India occupies a dominant position as the world’s largest provider of generic drugs by volume, accounting for approximately 20% of the total global supply.
According to the Ministry of Pharmacy, India’s pharmaceutical industry is worth an estimated US$50 billion and is projected to reach US$130 billion by 2030. This growth is critical to the national economy, with India’s pharmaceutical exports reaching $30.47 billion in FY 2024-25.
Arushi Jain, Director, Akums Drugs and Pharmaceuticals, said strengthening GMP compliance across the industry will not only enhance patient safety but also strengthen India’s reputation as a trusted global hub for high-quality pharmaceuticals. It is a measure to ensure that every drug that reaches a patient is safe, effective and of consistent quality, Jain added.

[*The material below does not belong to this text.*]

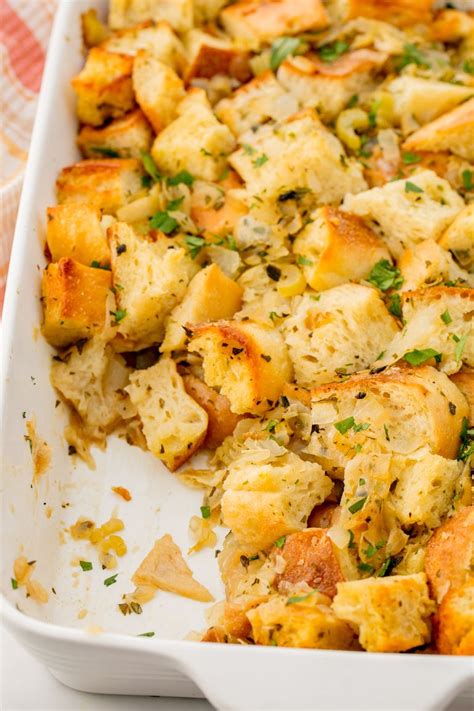 This Is The Only Stuffing Recipe You'll Ever Need | Recipe | Delicious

“When a doctor prescribes a drug, both the doctor and the patient assume that it will be of good quality. But in India, this is not always true as the same drug is produced by several companies with different standards. Those who follow GMP are more likely to produce better quality products,” said Dr. Rajeev Jayadevan, a public health expert.

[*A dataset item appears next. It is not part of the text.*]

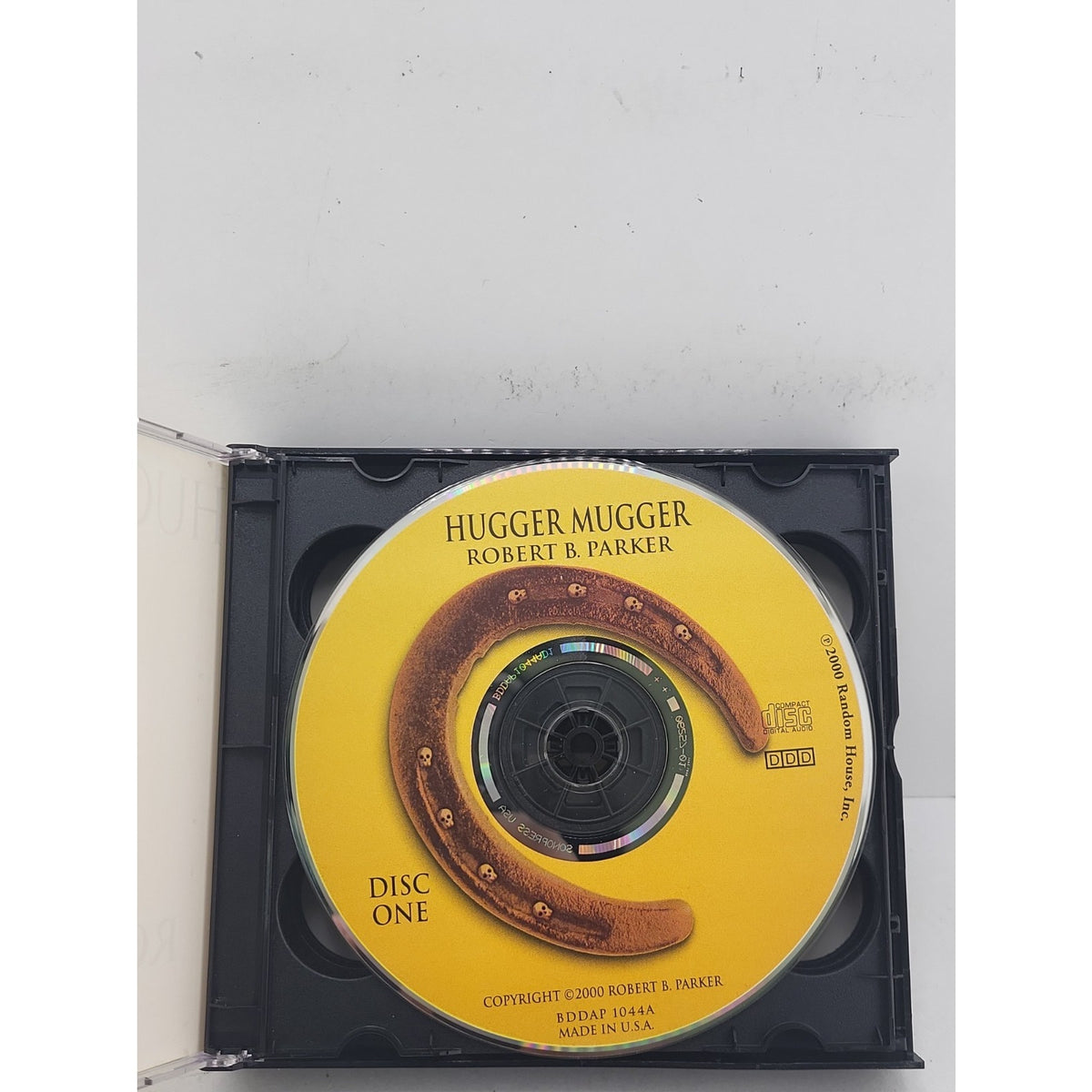 Hugger Mugger by Robert Parker (2000, Compact Disc)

“The unsuspecting public has little idea of what GMP means. Not all companies currently comply with GMP. But when GMP becomes necessary, more companies will follow it – just as hospitals that initially resisted obtaining NABH accreditation have finally adopted it. This is partly because their competitors have obtained NABH and also because patients and insurers have started asking for it. Likewise, once GMP becomes generally unavoidable and patients will require it overall quality. credibility of Indian pharmaceutical products,” he said.